======== Supplied data ========
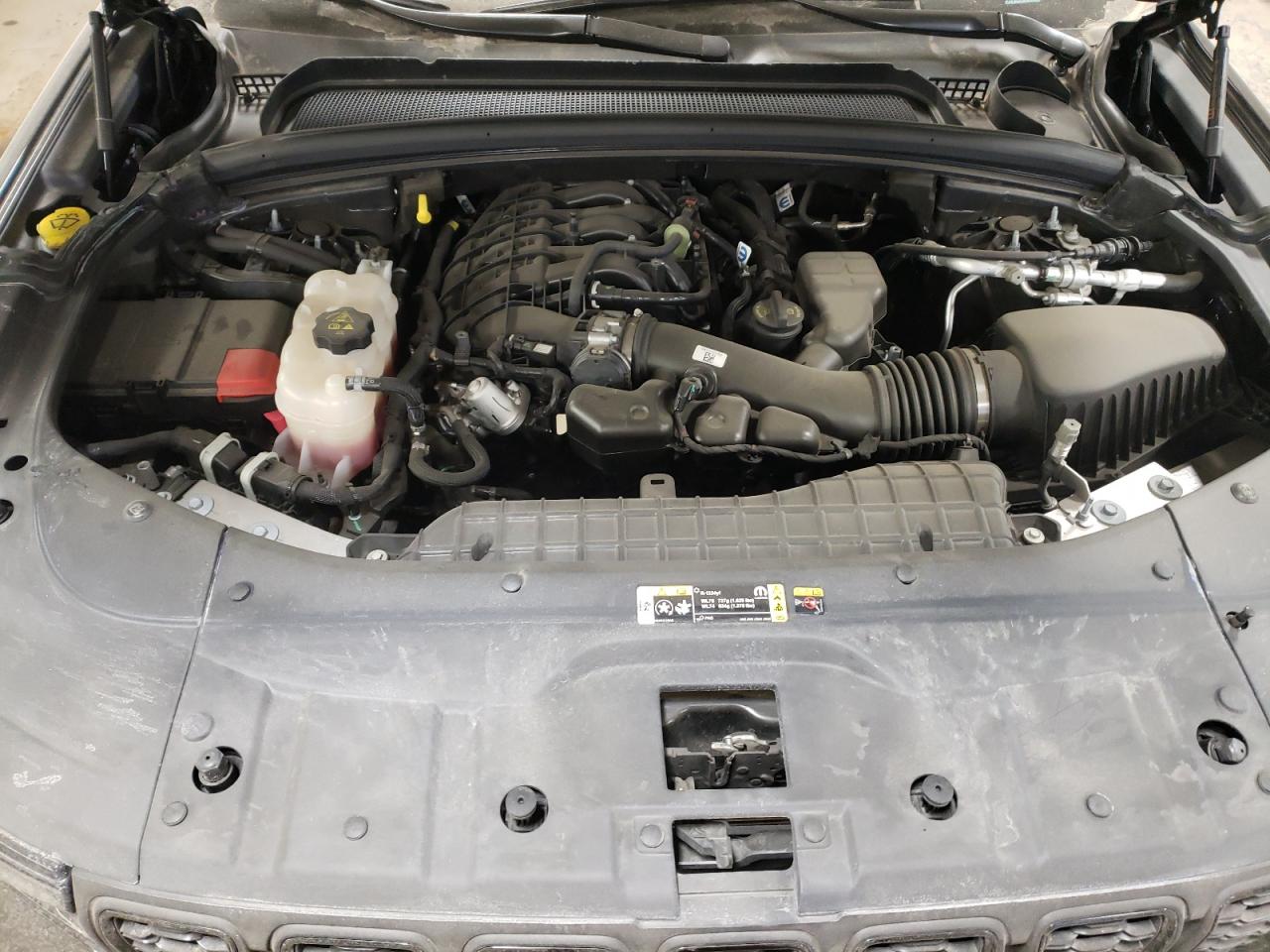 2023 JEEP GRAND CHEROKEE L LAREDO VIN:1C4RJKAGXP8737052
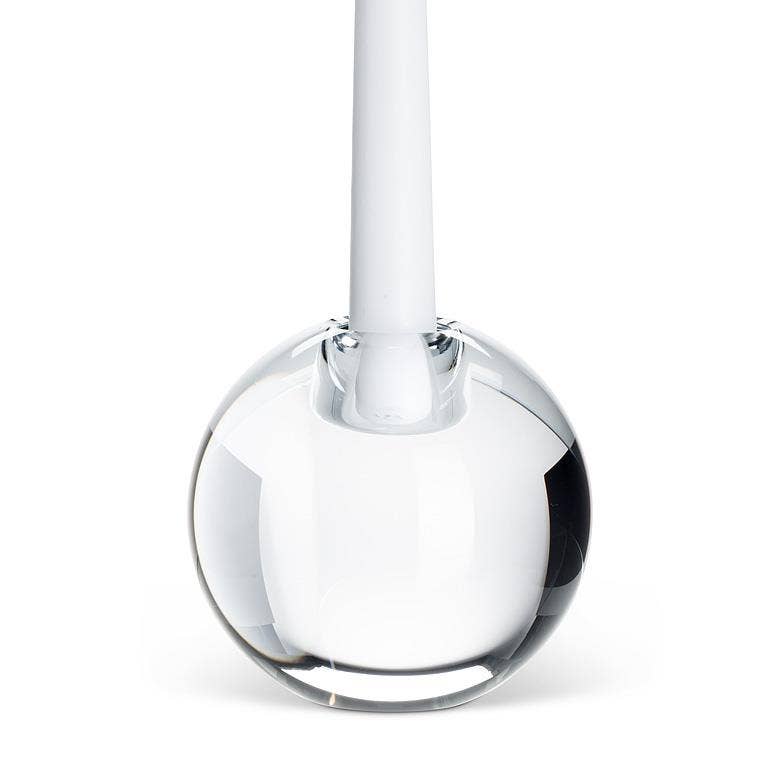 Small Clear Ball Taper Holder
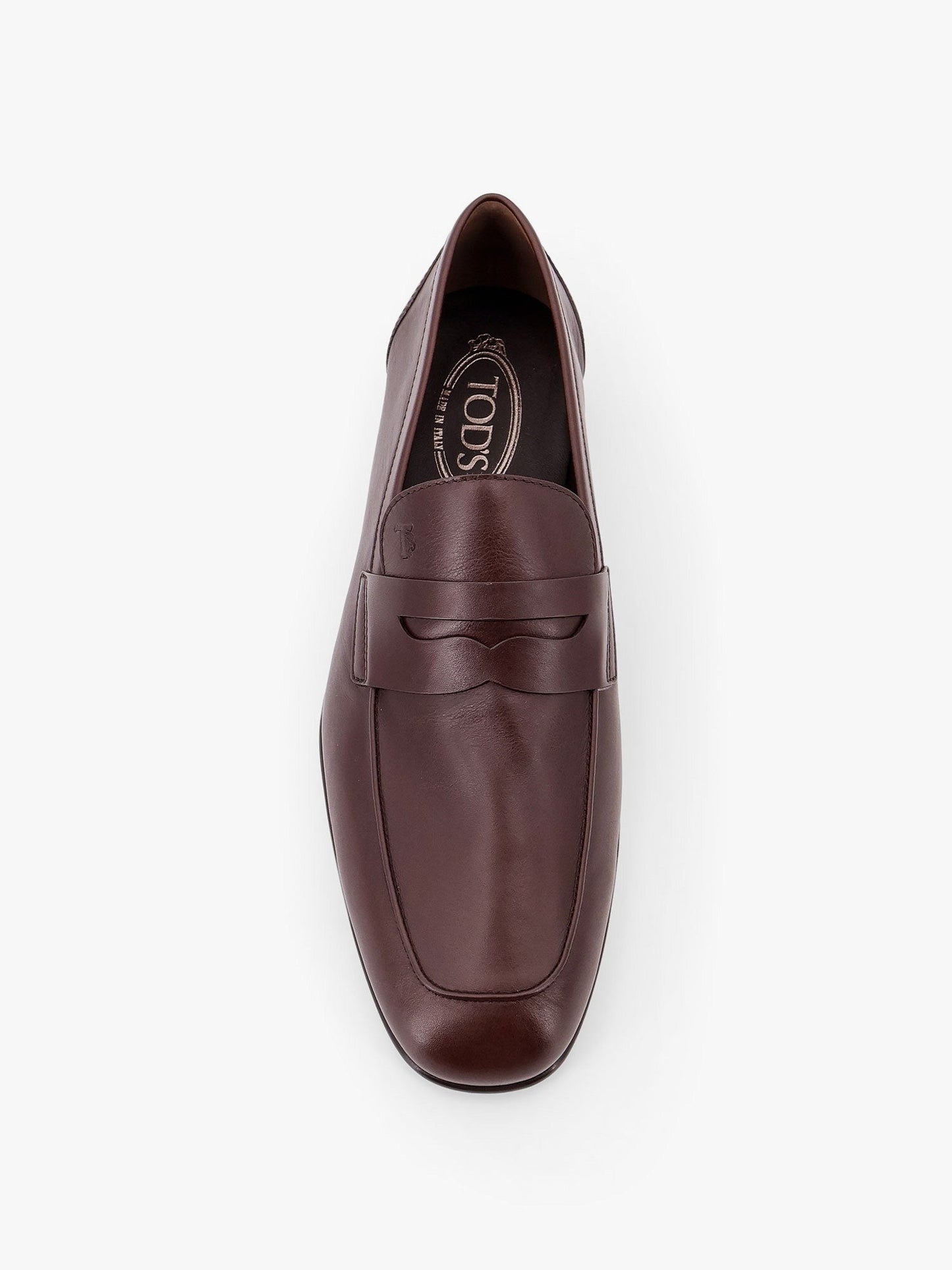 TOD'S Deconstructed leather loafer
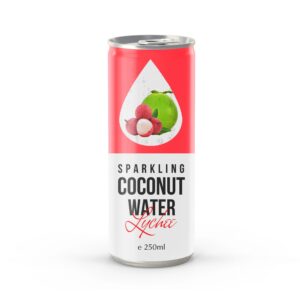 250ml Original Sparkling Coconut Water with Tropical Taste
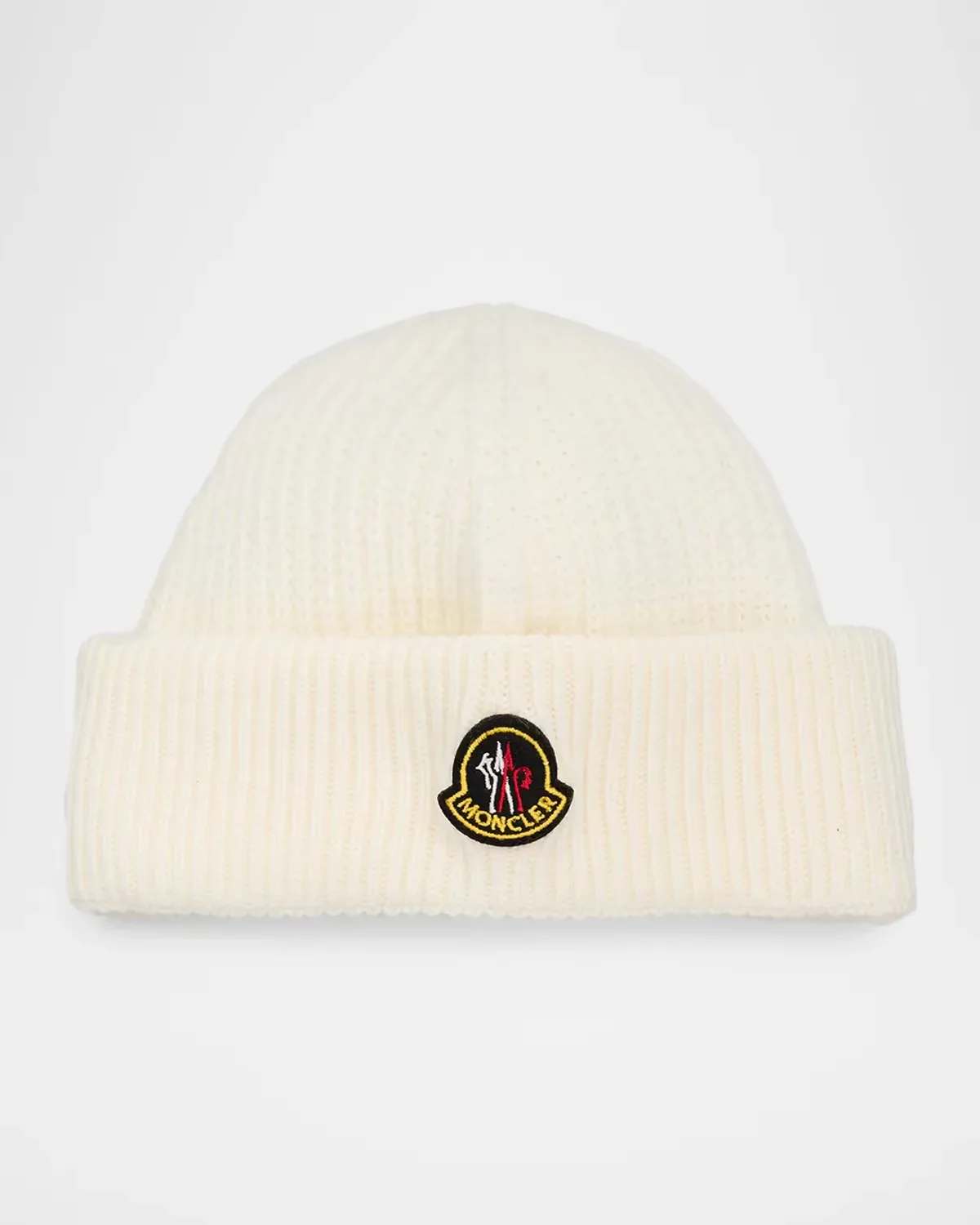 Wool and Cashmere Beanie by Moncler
========
▶ [Task statement]:
What the answer must hold: all the data above, given again exactly, without pictures.

▶ [Exercise answer]:
 2023 JEEP GRAND CHEROKEE L LAREDO VIN:1C4RJKAGXP8737052
 Small Clear Ball Taper Holder
 TOD'S Deconstructed leather loafer
 250ml Original Sparkling Coconut Water with Tropical Taste
 Wool and Cashmere Beanie by Moncler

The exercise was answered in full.